(Brief descriptive captions)
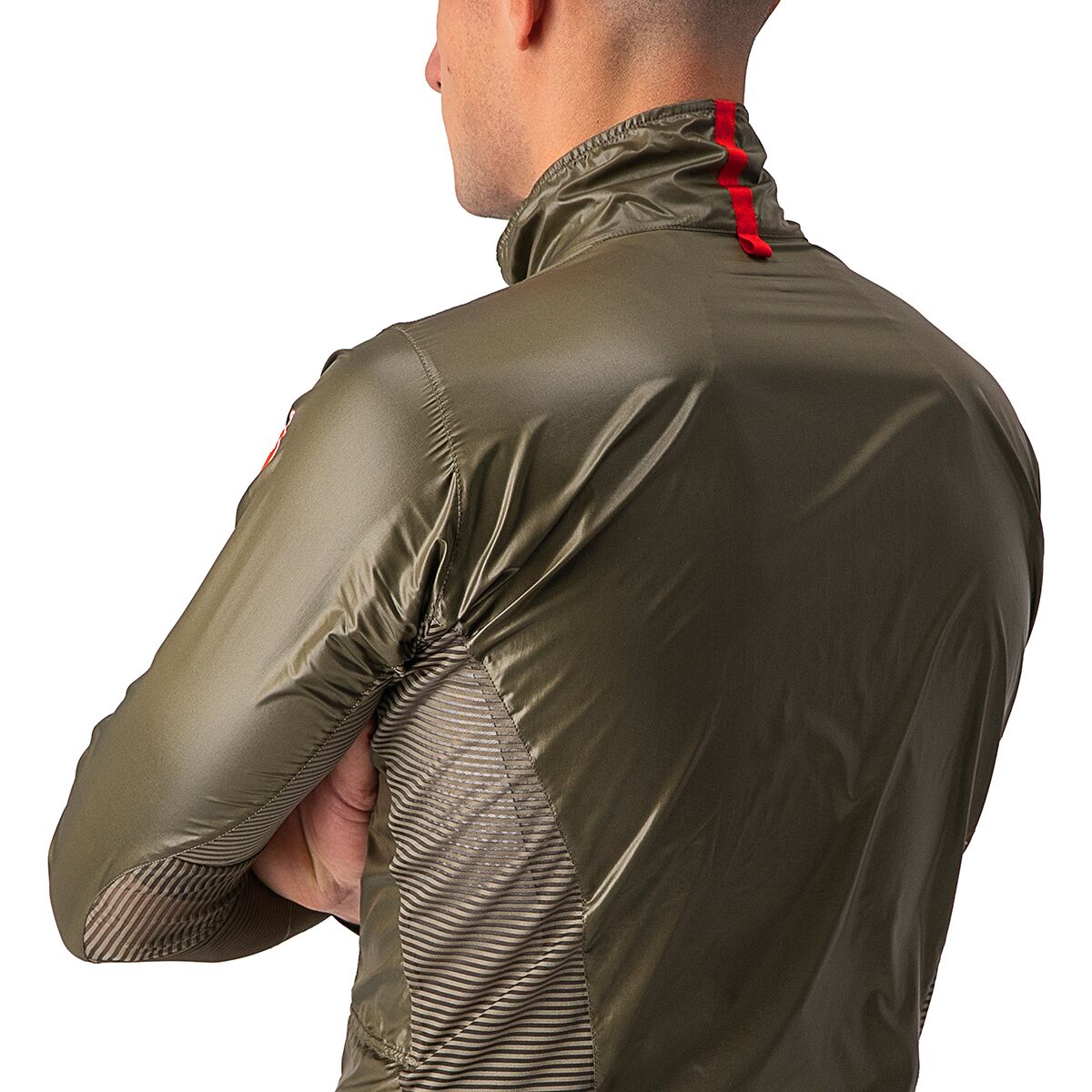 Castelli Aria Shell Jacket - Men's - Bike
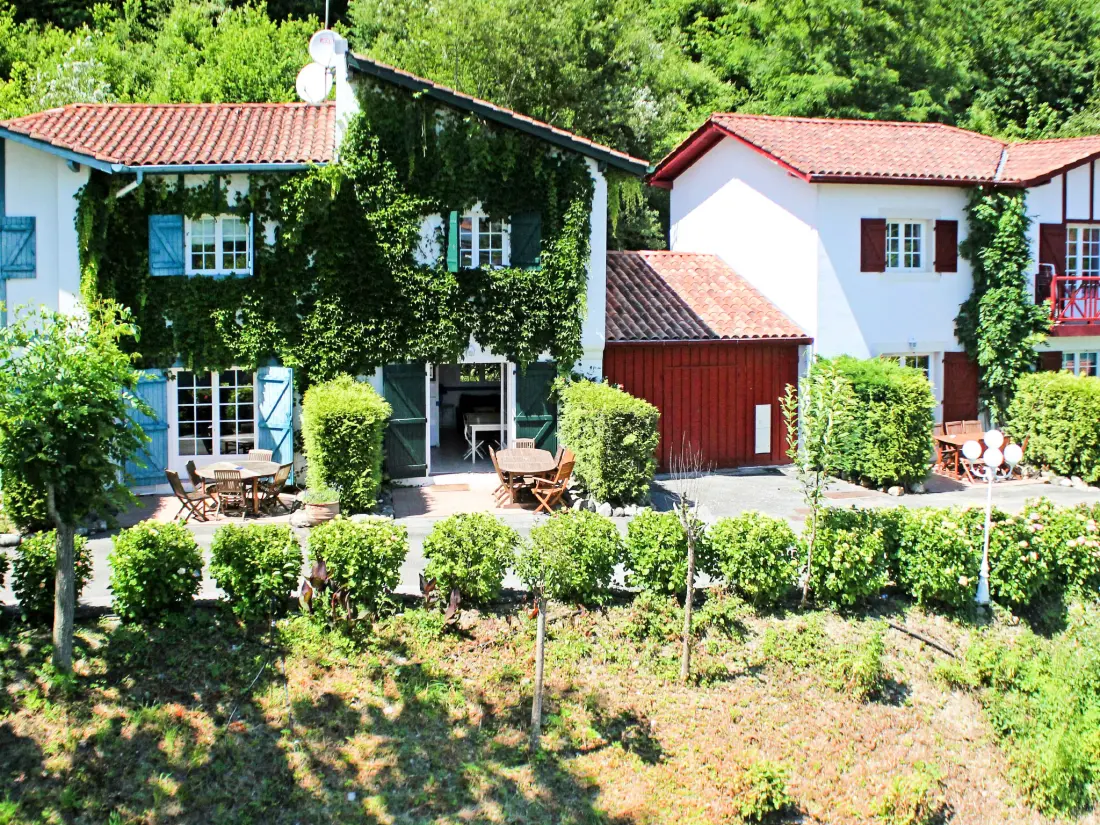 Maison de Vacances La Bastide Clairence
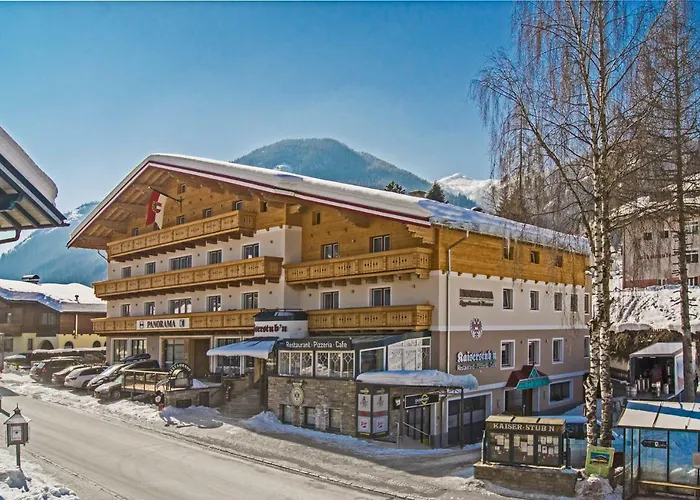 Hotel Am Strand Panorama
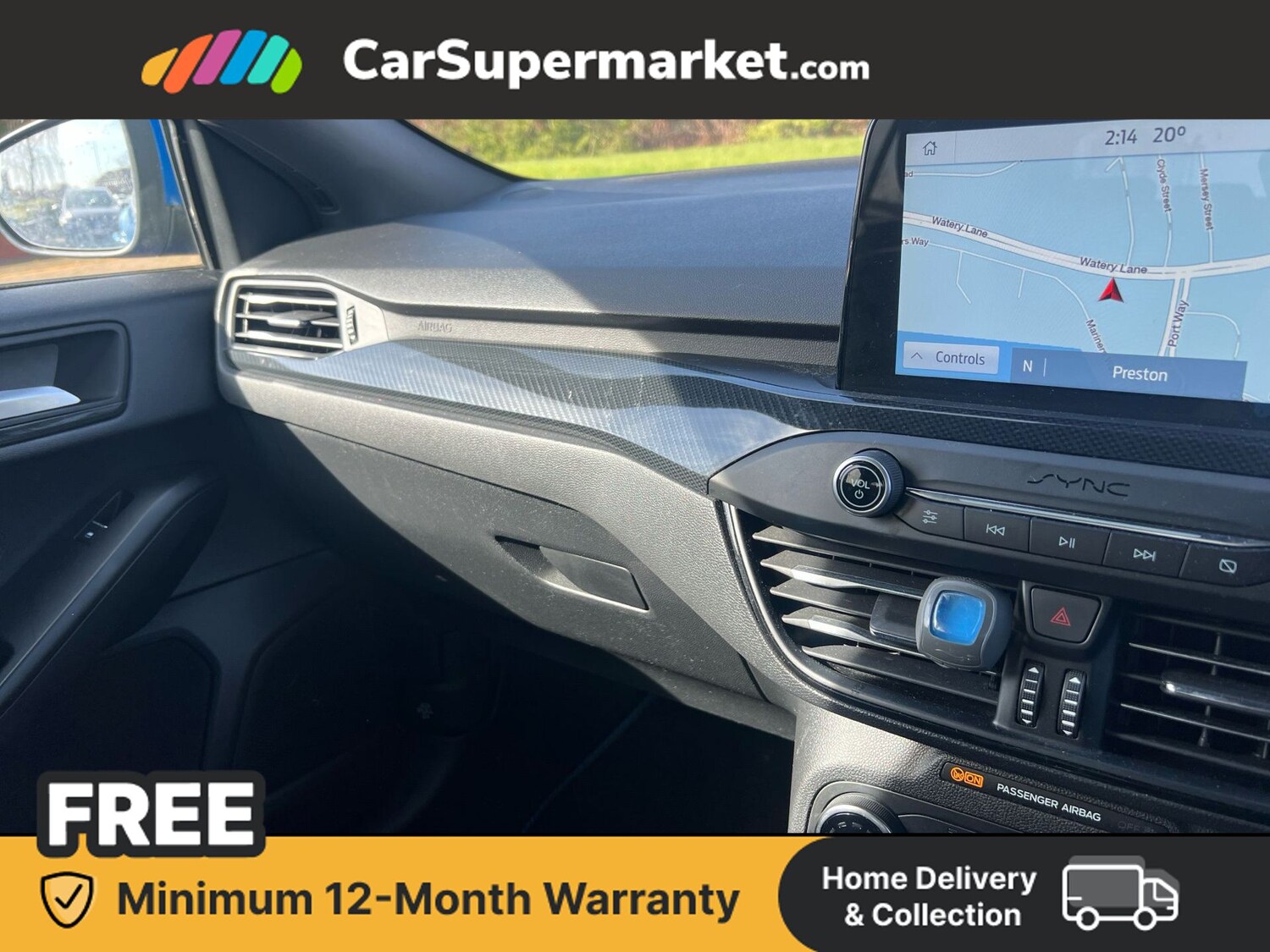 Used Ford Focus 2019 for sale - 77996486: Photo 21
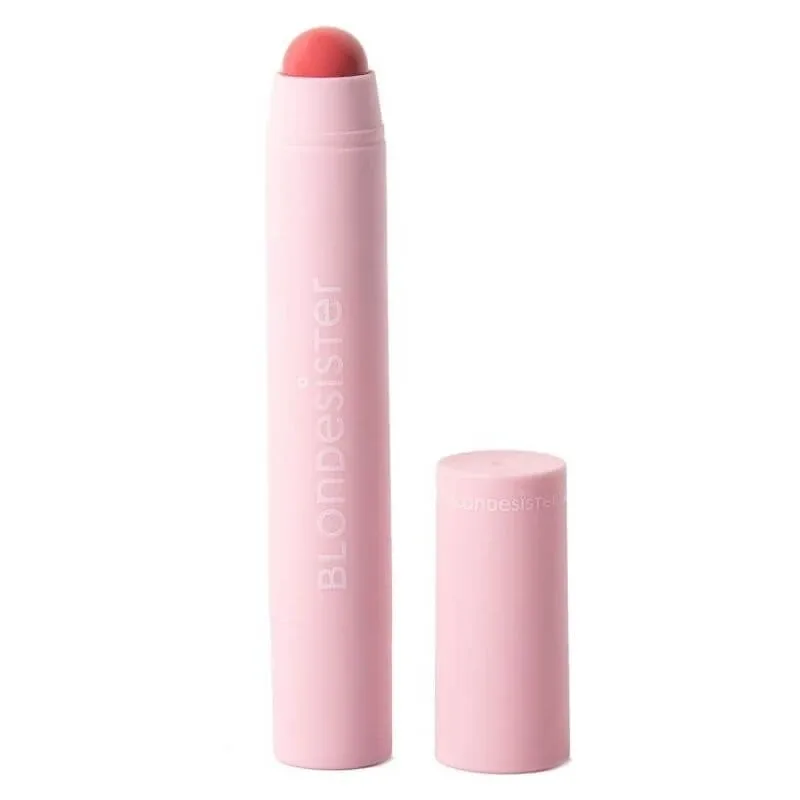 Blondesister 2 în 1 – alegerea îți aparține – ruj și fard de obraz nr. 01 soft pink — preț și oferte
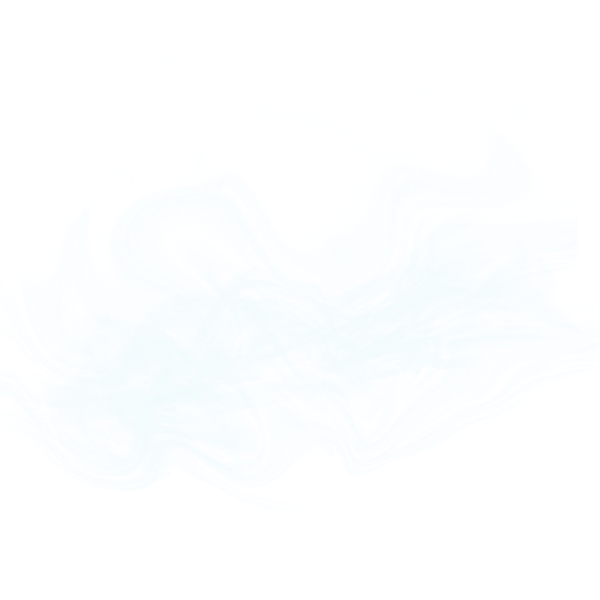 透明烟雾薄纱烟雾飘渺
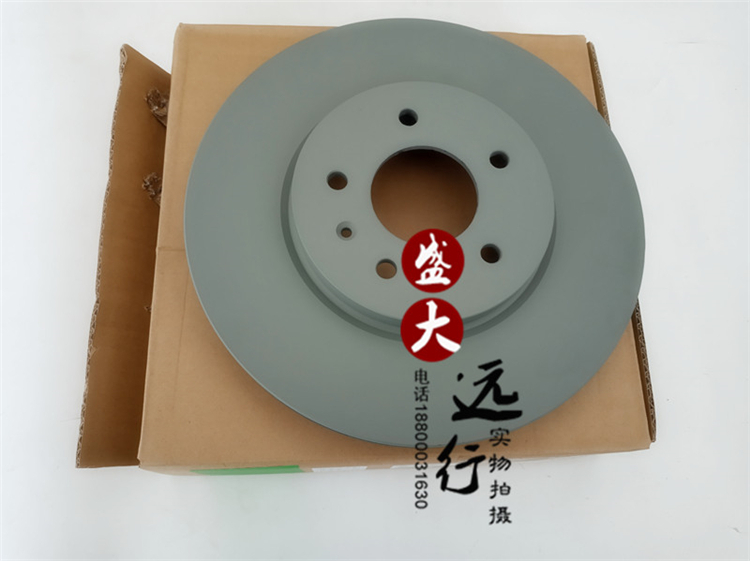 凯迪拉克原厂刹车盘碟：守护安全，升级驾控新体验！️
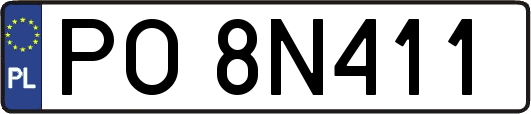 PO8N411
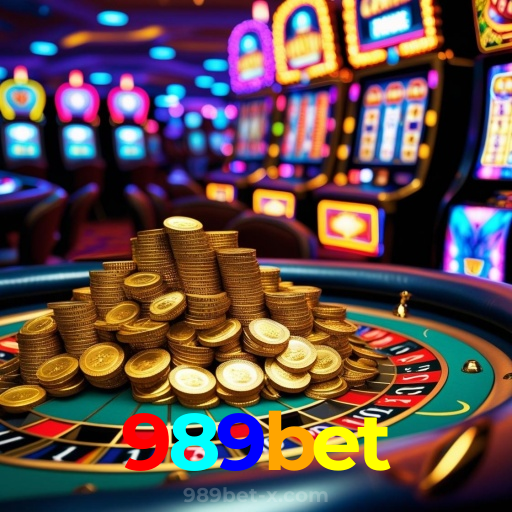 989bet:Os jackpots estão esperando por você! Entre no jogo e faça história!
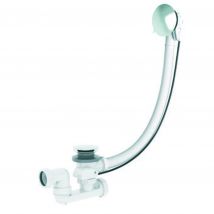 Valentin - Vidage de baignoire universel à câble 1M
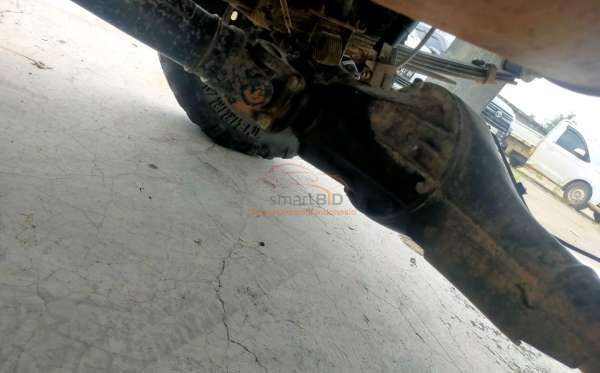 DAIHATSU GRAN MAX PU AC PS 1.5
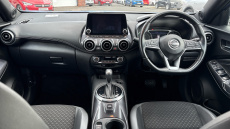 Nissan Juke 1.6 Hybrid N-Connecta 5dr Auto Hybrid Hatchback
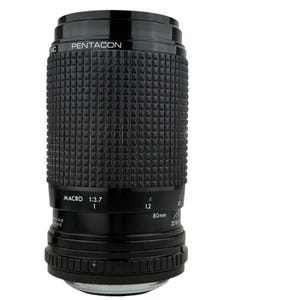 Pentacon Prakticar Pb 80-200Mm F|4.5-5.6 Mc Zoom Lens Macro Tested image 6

## Task objective
If an entry holds a picture, skip the picture and print the rest of the data exactly.

## Exercise output
 Castelli Aria Shell Jacket - Men's - Bike
 Maison de Vacances La Bastide Clairence
 Hotel Am Strand Panorama
 Used Ford Focus 2019 for sale - 77996486: Photo 21
 Blondesister 2 în 1 – alegerea îți aparține – ruj și fard de obraz nr. 01 soft pink — preț și oferte
 透明烟雾薄纱烟雾飘渺
 凯迪拉克原厂刹车盘碟：守护安全，升级驾控新体验！️
 PO8N411
 989bet:Os jackpots estão esperando por você! Entre no jogo e faça história!
 Valentin - Vidage de baignoire universel à câble 1M
 DAIHATSU GRAN MAX PU AC PS 1.5
 Nissan Juke 1.6 Hybrid N-Connecta 5dr Auto Hybrid Hatchback
 Pentacon Prakticar Pb 80-200Mm F|4.5-5.6 Mc Zoom Lens Macro Tested image 6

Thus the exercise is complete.